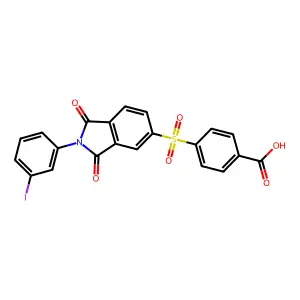 4-[2-(3-iodophenyl)-1,3-dioxo-isoindol-5-yl]sulfonylbenzoic Acid structure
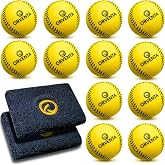 ORVENTA Soft Foam Baseballs - Safe Indoor &amp; Outdoor Practice Baseballs | For Hitting Safety Baseball for Kids &amp; Teenagers with - Training Foam Balls for Hitting, Throwing &amp; Catching - 12 Pack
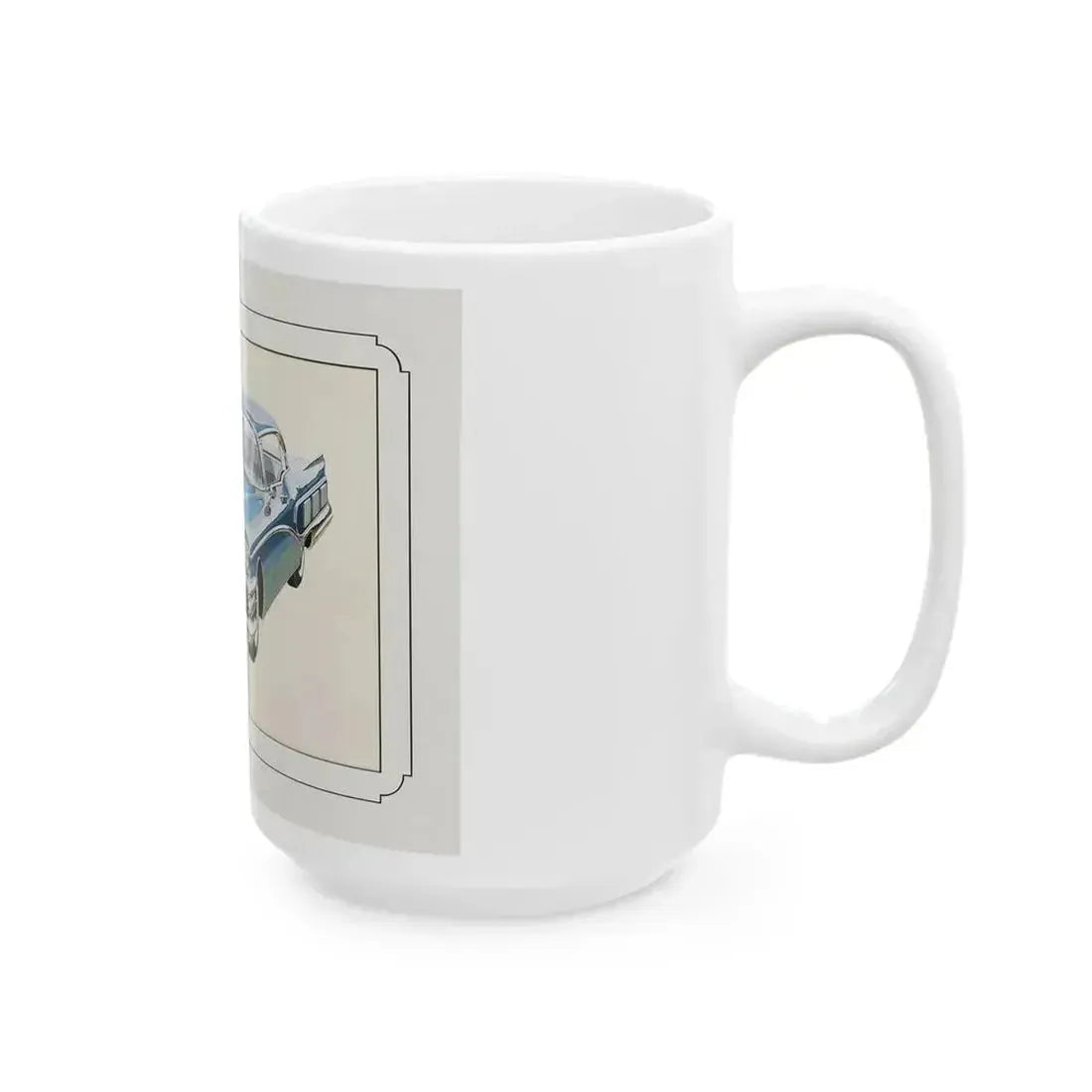Automobile illustration 1 - White Coffee Mug - Go Mug Yourself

====================

*TASK TO COMPLETE:*
All of the data must be set down exactly, with no pictures included.

*TASK OUTPUT:*
 4-[2-(3-iodophenyl)-1,3-dioxo-isoindol-5-yl]sulfonylbenzoic Acid structure
 ORVENTA Soft Foam Baseballs - Safe Indoor &amp; Outdoor Practice Baseballs | For Hitting Safety Baseball for Kids &amp; Teenagers with - Training Foam Balls for Hitting, Throwing &amp; Catching - 12 Pack
Automobile illustration 1 - White Coffee Mug - Go Mug Yourself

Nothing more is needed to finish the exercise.